===== Task material =====
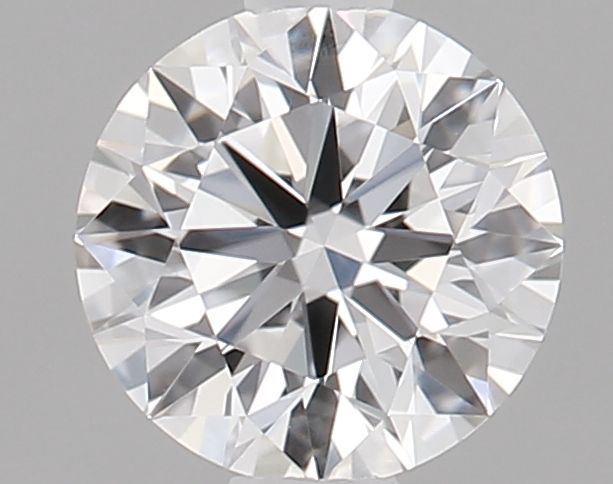 Round 0.54ct Diamond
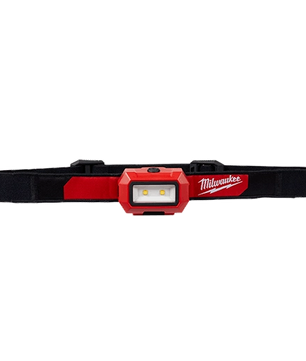Milwaukee 2103 MILWAUKEE® Headlamp
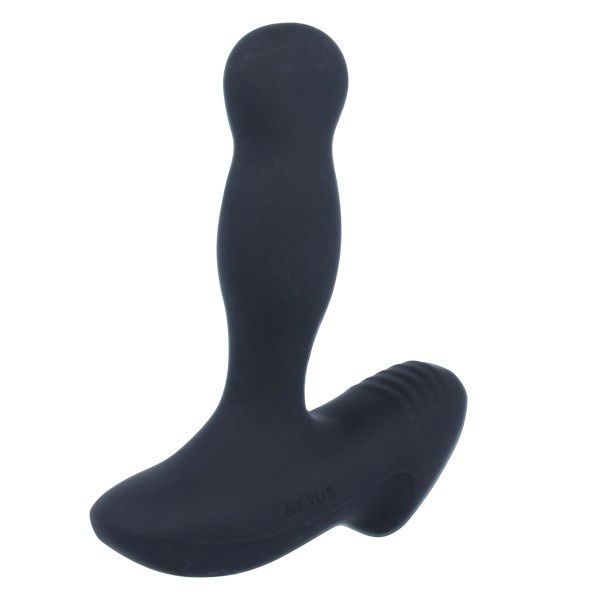Nexus Revo Slim Rotating Remote Control Prostate Massager image 3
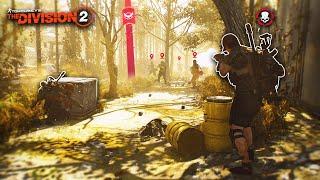 I BROKE The Rogue System In The Division 2...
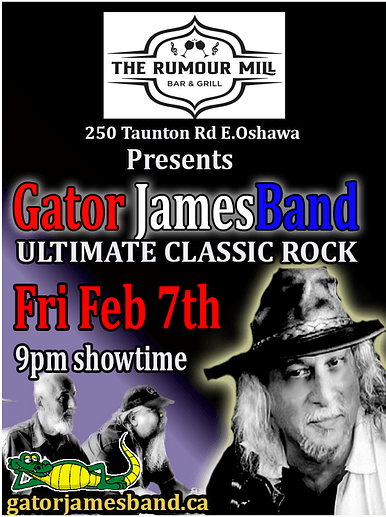 GJB Rumour Mill Feb 7th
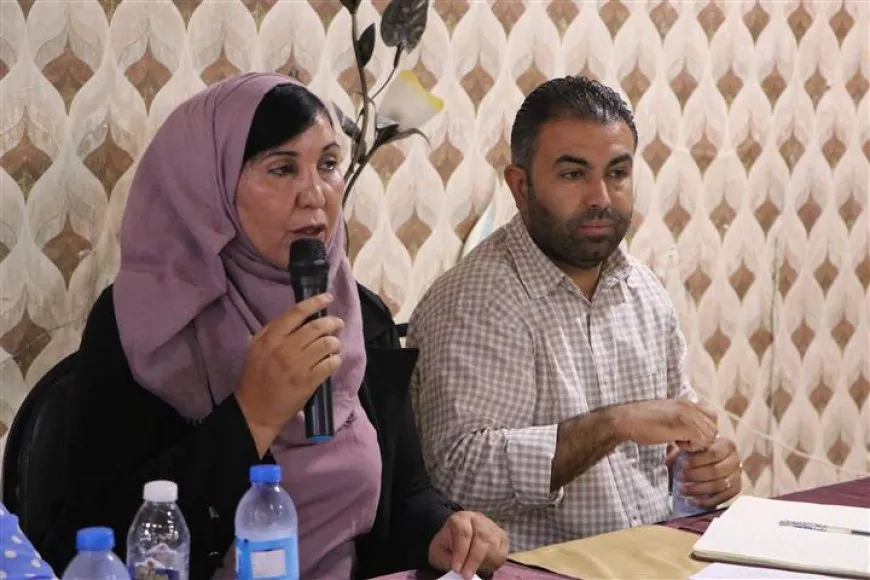 Şaredariya Gel a Hesekê kar û xebatên 6 mehan nirxand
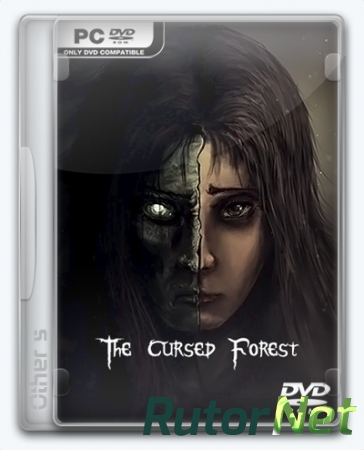 The Cursed Forest (Noostyche) (ENG+RUS) [Repack] от Other s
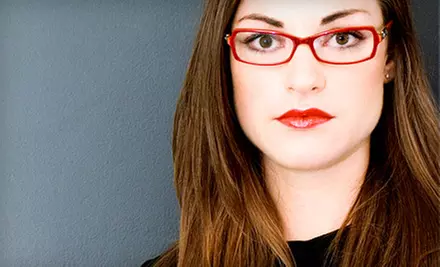 $49 for $200 Toward Prescription Glasses at Downtown Eyewear - Primary Image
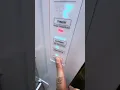 How to Reset Red Filter Light On Samsung Refrigerator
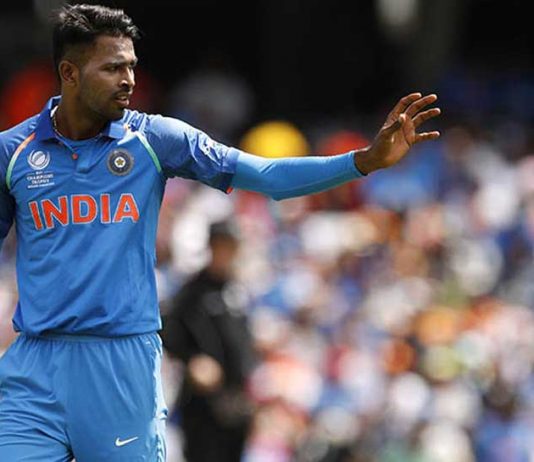 Injured Hardik will be missed, says Shastri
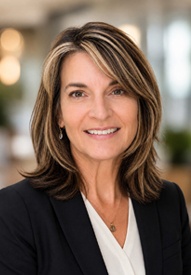 Kym Baker headshot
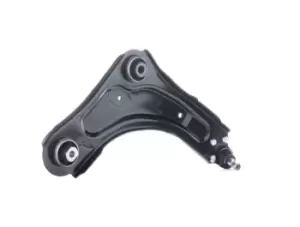Image of RIDEX Suspension arm RENAULT 273C0751 545000399R,545006560R,545008682R 545009207R,545009795R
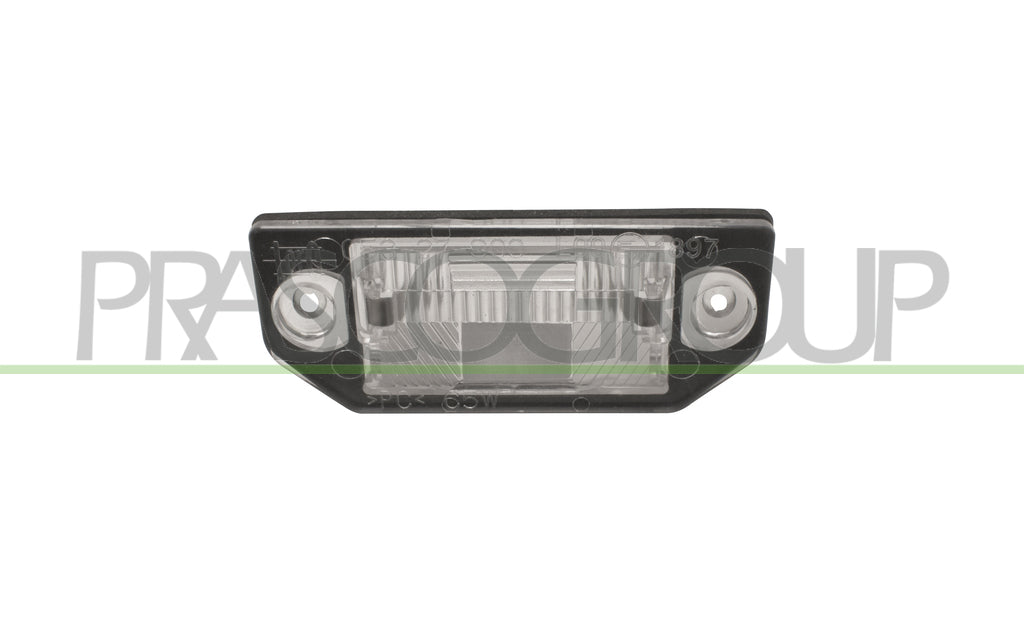 luce targa volkswagen passat b5 2000 2005 vg0534350
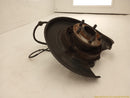 Land Rover Range Rover Driver Left Rear Spindle Knuckle Hub-4
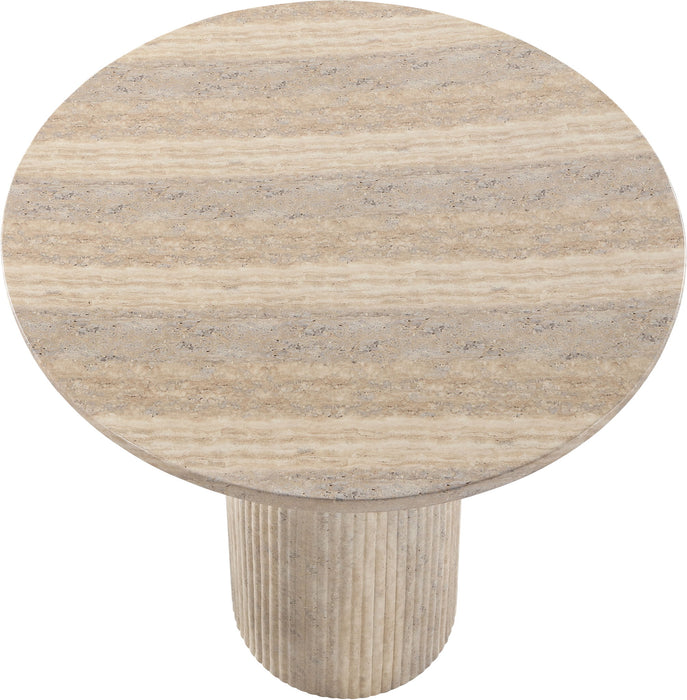 Venosa - Traverine Table - Simple Home Plus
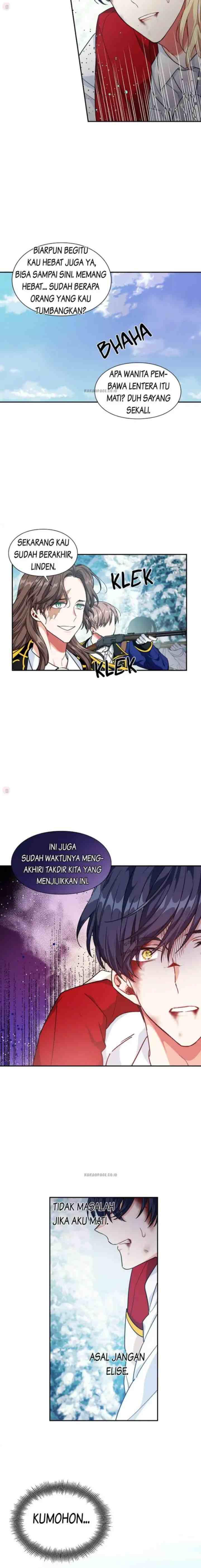 Doctor Elise: The Royal Lady with the Lamp chapter 87 halaman 4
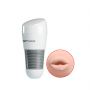 Masturbator Kitty Pretty Love silikonowy TPR ABS - 4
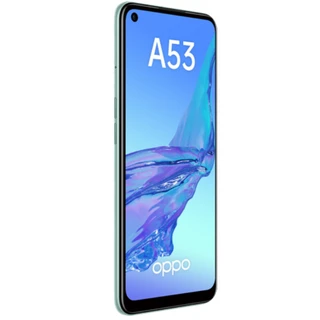 Смартфон OPPO A53 4/128GB Mint Cream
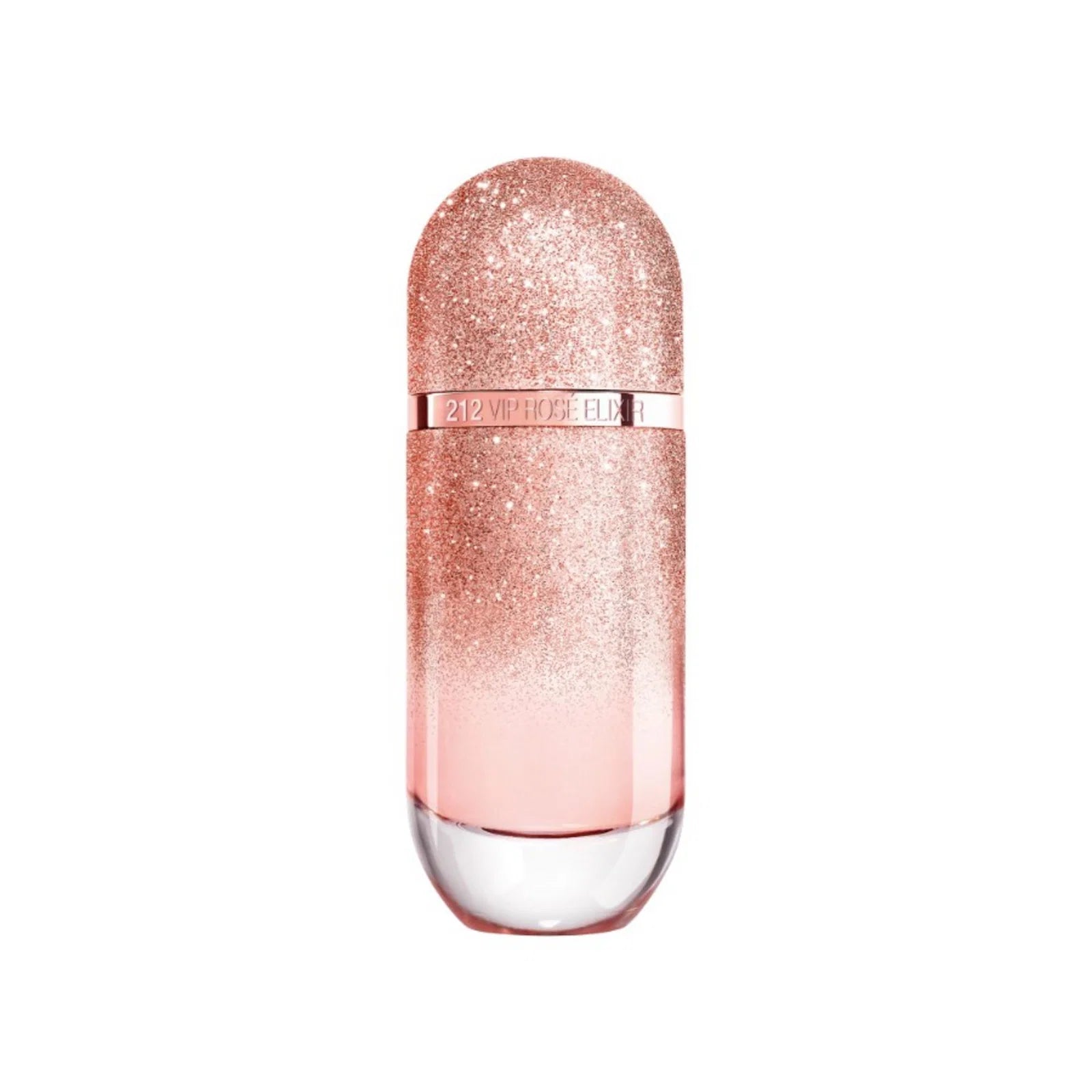 Carolina Herrera, 212 VIP Rose Elixir, Parfymvatten, För kvinnor, 80 ml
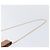 Céline CELINE Pochette de soirée à armature Sac à épaule Cuir Beige Ton Or - vue 9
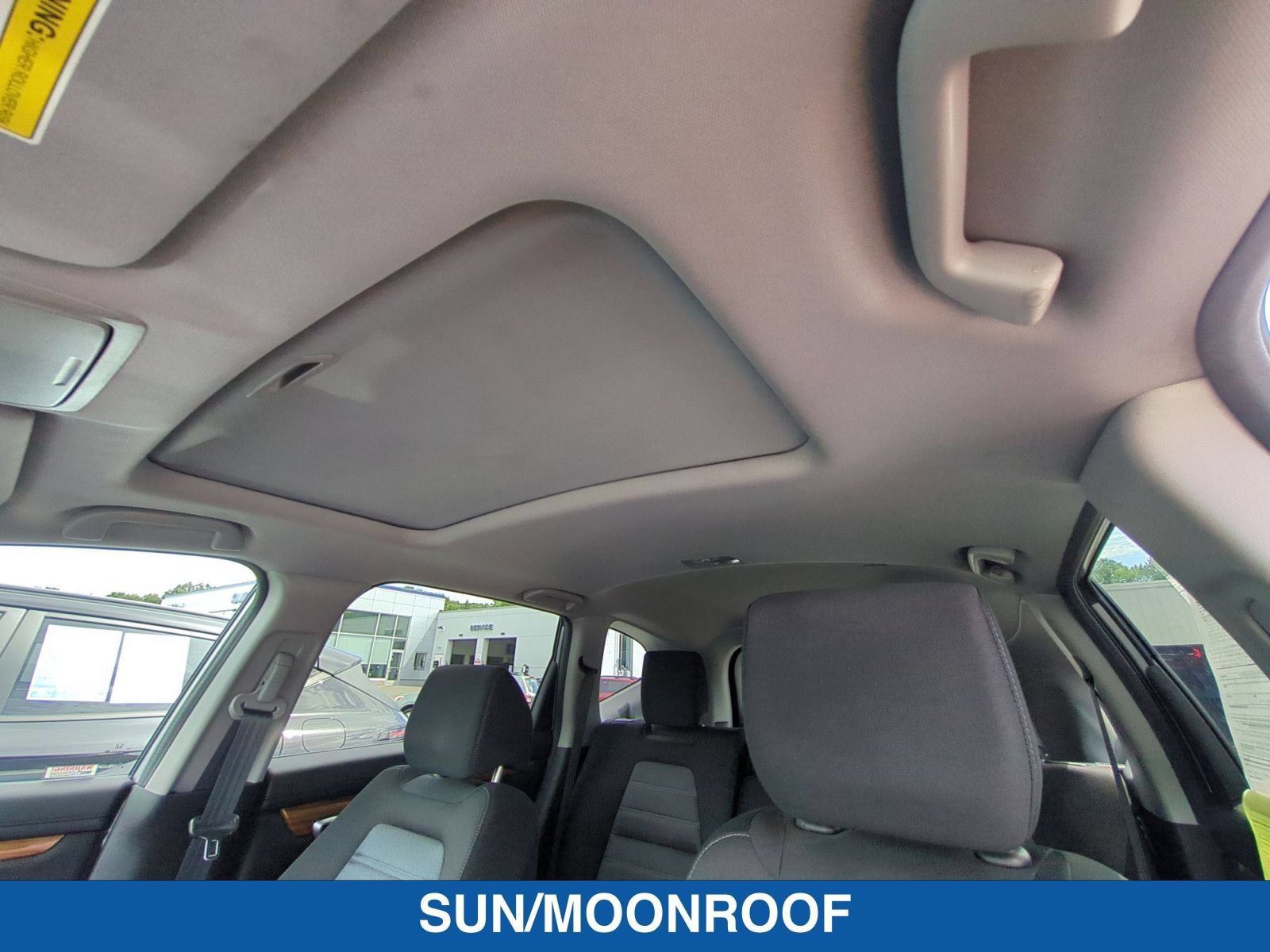 Used 2020 Honda CR-V EX image 28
=====
Exercise prompt: Now transcribe the lines above exactly, starting at the line containing "Injured Hardik will be missed, says Shastri" and ending at the line containing "Céline CELINE Pochette", both lines included, pictures excluded.

Result for this exercise:
 Injured Hardik will be missed, says Shastri
 Kym Baker headshot
Image of RIDEX Suspension arm RENAULT 273C0751 545000399R,545006560R,545008682R 545009207R,545009795R
 luce targa volkswagen passat b5 2000 2005 vg0534350
 Land Rover Range Rover Driver Left Rear Spindle Knuckle Hub-4
 Venosa - Traverine Table - Simple Home Plus
 Doctor Elise: The Royal Lady with the Lamp chapter 87 halaman 4
 Masturbator Kitty Pretty Love silikonowy TPR ABS - 4
 Смартфон OPPO A53 4/128GB Mint Cream
 Carolina Herrera, 212 VIP Rose Elixir, Parfymvatten, För kvinnor, 80 ml
 Céline CELINE Pochette de soirée à armature Sac à épaule Cuir Beige Ton Or - vue 9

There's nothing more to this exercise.